Today I was able to get a little sleep because I have a booked a tour to a couple wineries via a bicycle. I really wanted to see some of the vineyards, but because it is Saturday nothing really is available and since the vineyards are all closed on Sunday, I figured this would be the best option.

The trip started off great when I hopped in the car and I had four women to greet me; three American and one Dutch girl would be joining me on the bicycle tour. I guess this is making up for the lack of communication yesterday.

Once we got our bikes, we were off to explore the wine culture of Mendoza. Mendoza is well known for its Malbec, which is a type of grape that produces an amazing red wine. We made our first stop at Carmelo Patti's winery. Patti is very well known as a wine expert and his winery is rated as one of the best wineries. Unfortunately, he was not there this afternoon, he was in Buenos Aires teaching a wine class. To be honest, I was not a fan of his red wines, which had too strong of a taste of olives for my taste (I personally really do not like olives).


When then made our way to our next winery, Bodega y Cavas de Weinert. This was a much better winery because they really introduced us to viticulture, by showing us the process of making the wine and how to properly sample and and taste the wine; Unfortunately, the wine is made in April, so I was not able to see some actually be made.


The wine at this winery was much better! I couldn't get enough of the white wine and the last red that we sampled.

Unfortunately, we had to leave. We then made our way to our next winery, Clos de Chacras winery, which is where we had lunch. The winery was founded by a man named Bautista Geronimo Gargantini in 1883. This winery used to be used just for his personal use and has now expanded into a global reaching but still small winery. What differs between his small operation and other large operations is that they are able to focus on creating the best quality as possible only, truly specializing in their production. We sat down for lunch and I had a great white, rose, and red wines with my steak and sweet potatoes.

After lunch, we took a tour of the facility.

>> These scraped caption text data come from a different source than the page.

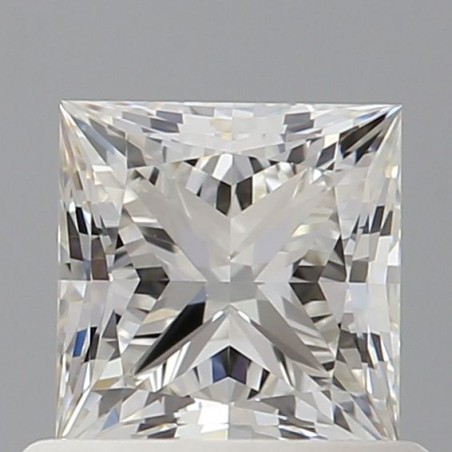 Diament szlif princess, 0.7ct, VVS1, H, GIA 5533128427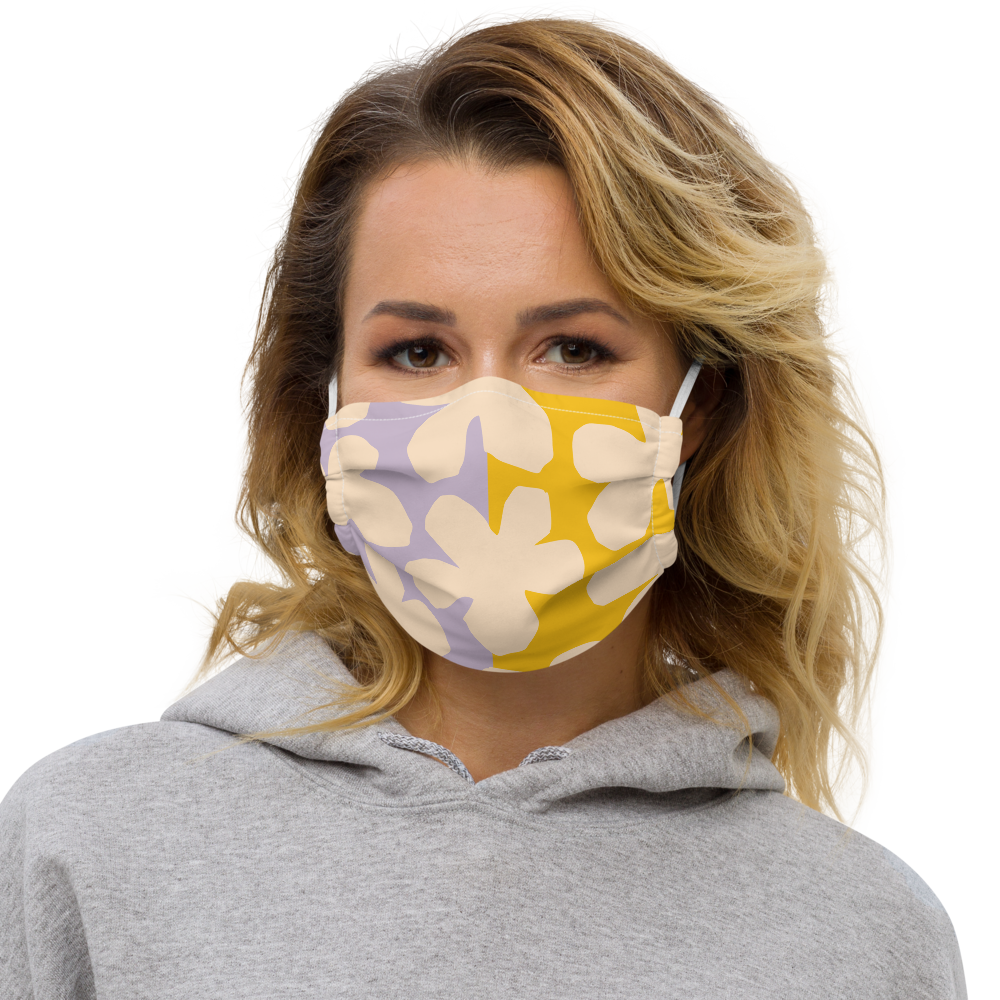Stylish Flowers | Face Mask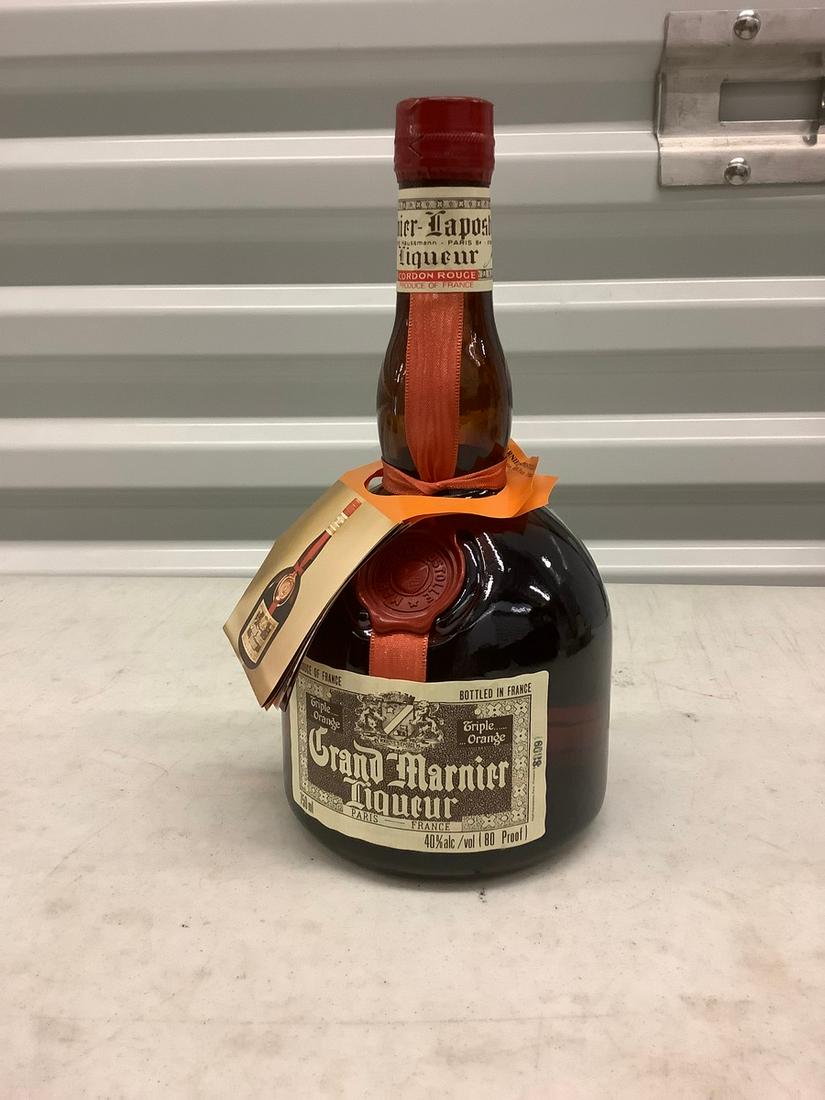 Grand Marnier 750 mL bottle (1 of 1)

We then made our way to A la Antigua, which makes various chocolates, liquors, and olive oils. Argentina is also known for their dulce de leche, which is like a chocolaty caramel. Antigua had a big spread of various chocolates, vegetable and fruit jam, and various types of olive oils. Needless to say, I was hovering over the four types of dulce de leche the lady had put out. I wanted to get a jar to bring home but, honestly, I would have eaten it all before I got to the hostel. After eating to much dulce de leche, we then sampled the liquor. She hopped behind the bar and started naming off all the bottles. Since we could only have two shots each, we decided to play it smart, ordering one shot eat and sharing it with everyone and then saving our last shot to all shoot the absinthe. I don't know if you have ever had a real absinthe shot, but it was rough, leaving a harsh burn in the back of my throat through that afternoon.

I spent a great afternoon indulging in my fare share of whine and chocolates and now I had to head back to my hostel. Once i got back, I learned that the hostel was offering a free empanada cooking class. This really old Spanish lady came in wearing her old muffin top cooking hat. She was delightful and spoke zero English. Surprisingly, empanadas are rather easy to make, it is the formation of the empanada itself that is an art. Lets just say I am not much of an empanada artist, but it was really tasty!

After we all ate our empanadas, we, once again, indulged in just the right amount Malbec into the night.